**Task input**:
================================
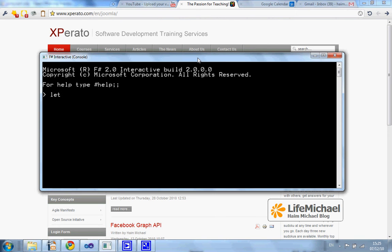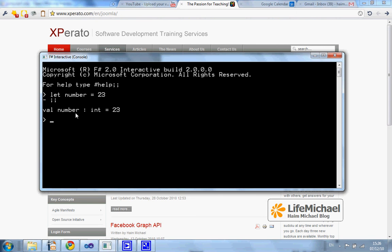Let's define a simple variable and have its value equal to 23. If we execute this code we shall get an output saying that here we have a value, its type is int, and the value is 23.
================================
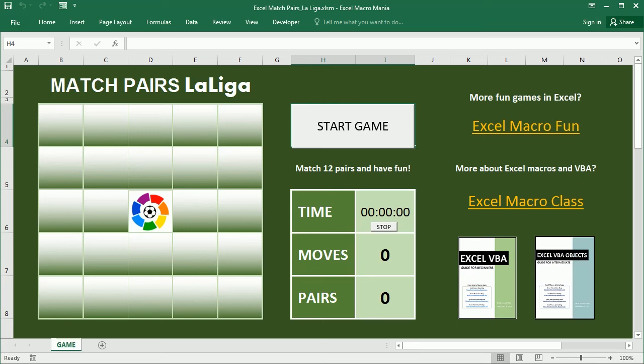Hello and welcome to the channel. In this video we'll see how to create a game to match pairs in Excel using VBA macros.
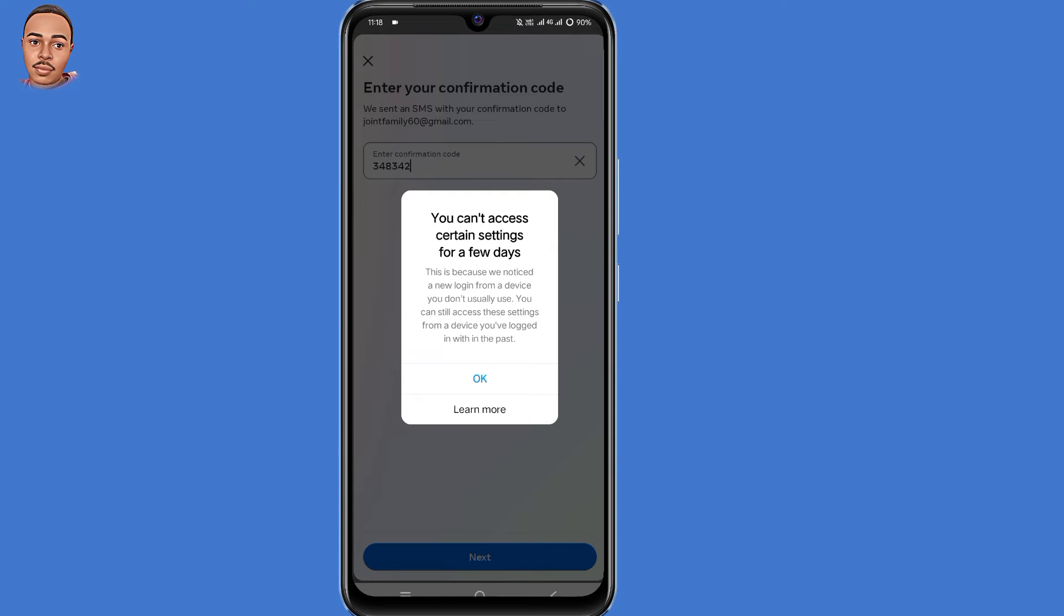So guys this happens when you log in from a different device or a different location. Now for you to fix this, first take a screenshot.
================================
Every line above from the one with "Hello and welcome" down to the one with "So guys this" must be written out exactly, and no picture may appear.

**Your solution**:
Hello and welcome to the channel. In this video we'll see how to create a game to match pairs in Excel using VBA macros.
So guys this happens when you log in from a different device or a different location. Now for you to fix this, first take a screenshot.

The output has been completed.